§ ABOUT THIS TASK: An exact copy of the entries below is needed, with every picture left out.

§ RECORDS FOR PROCESSING:
== Segment start ==

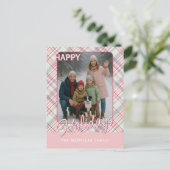 Elegant Classy Rustic Plaid Pattern シーズンポストカード (スタンド正面)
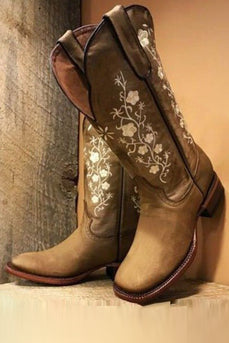 Svarta Broderade Chunky Heel Mid Calf Western Stövlar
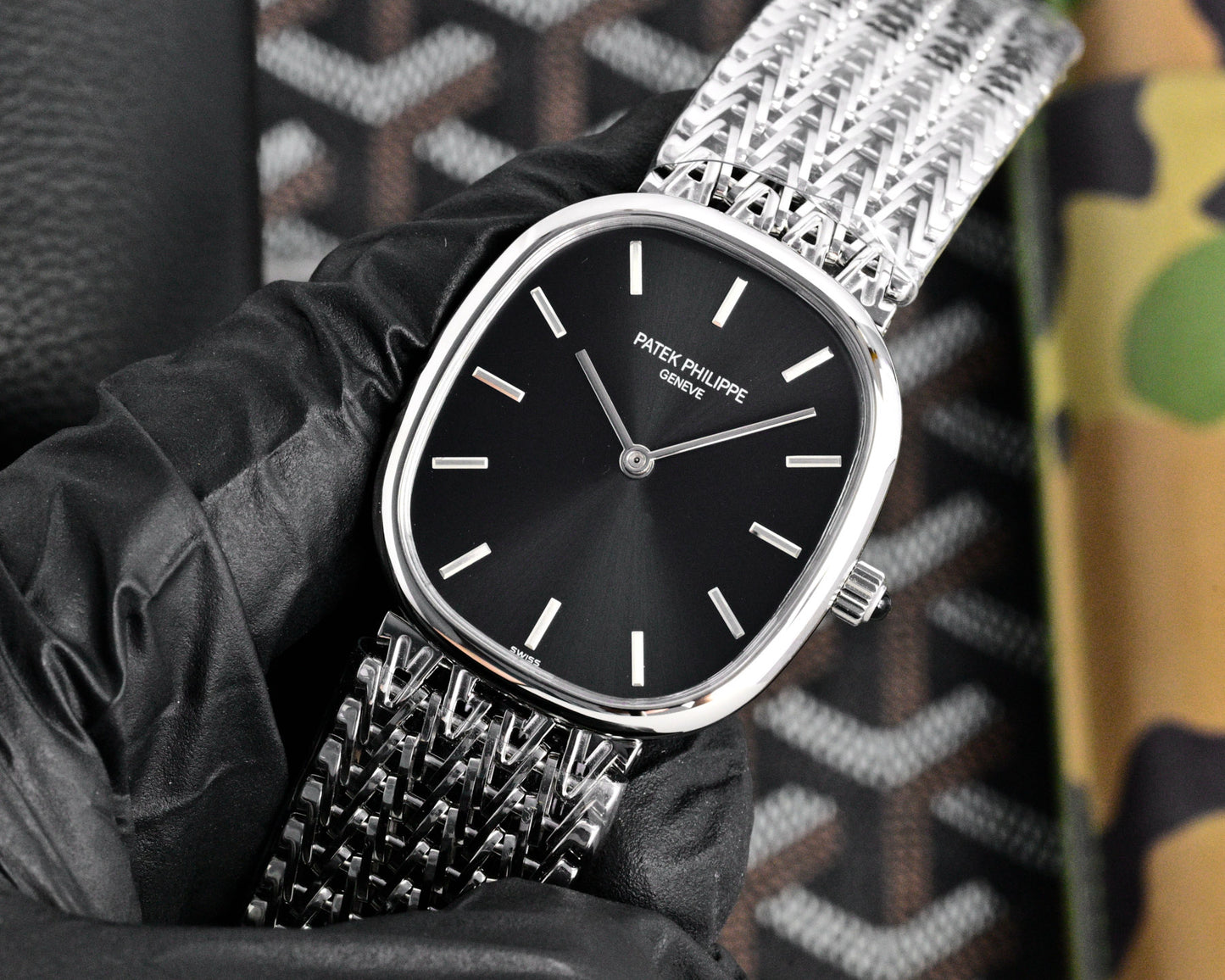 Patek Philippe Golden Ellipse Silver Chain Bracelet Watch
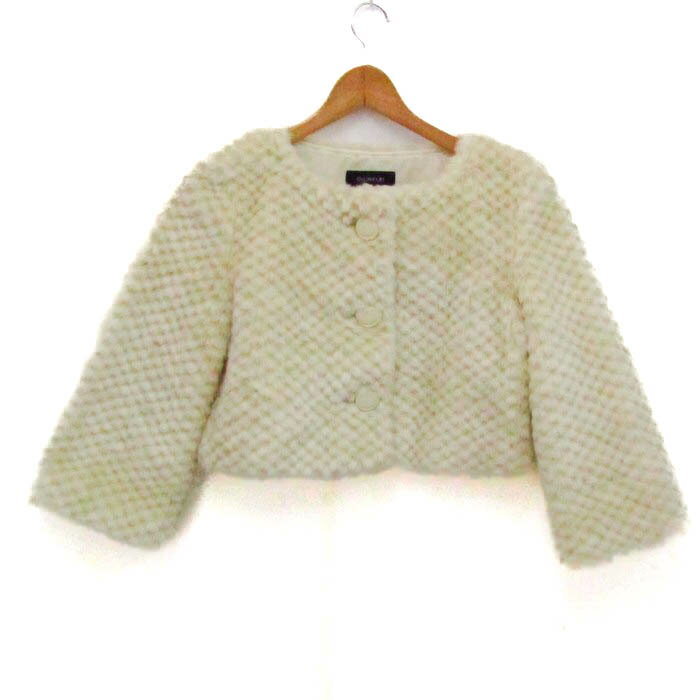 オリンカリ ノーカラーファージャケット クロップド丈 アウター レディース 38サイズ アイボリー OLLINKARI 【中古】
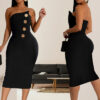 Fashion women's sexy Strapless button decoration dress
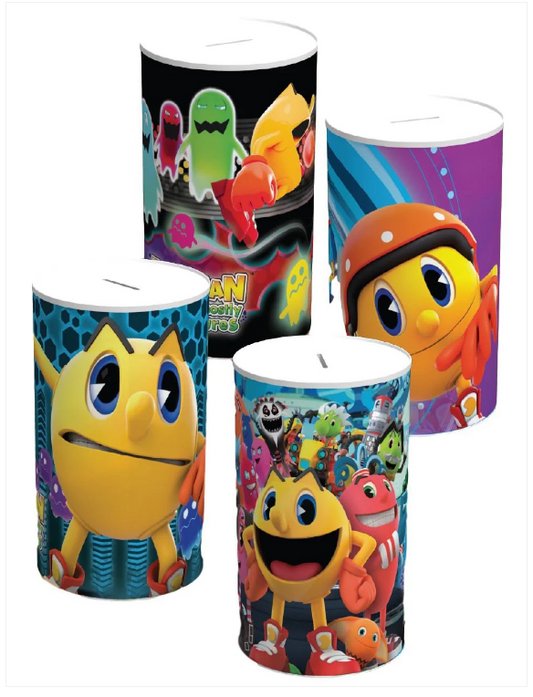 4 Assorted Styles Pac-Man Money Tin 145mm x 110mm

== Segment end ==

§ WRITTEN SOLUTION:
 Elegant Classy Rustic Plaid Pattern シーズンポストカード (スタンド正面)
 Svarta Broderade Chunky Heel Mid Calf Western Stövlar
 Patek Philippe Golden Ellipse Silver Chain Bracelet Watch
 オリンカリ ノーカラーファージャケット クロップド丈 アウター レディース 38サイズ アイボリー OLLINKARI 【中古】
 Fashion women's sexy Strapless button decoration dress
 4 Assorted Styles Pac-Man Money Tin 145mm x 110mm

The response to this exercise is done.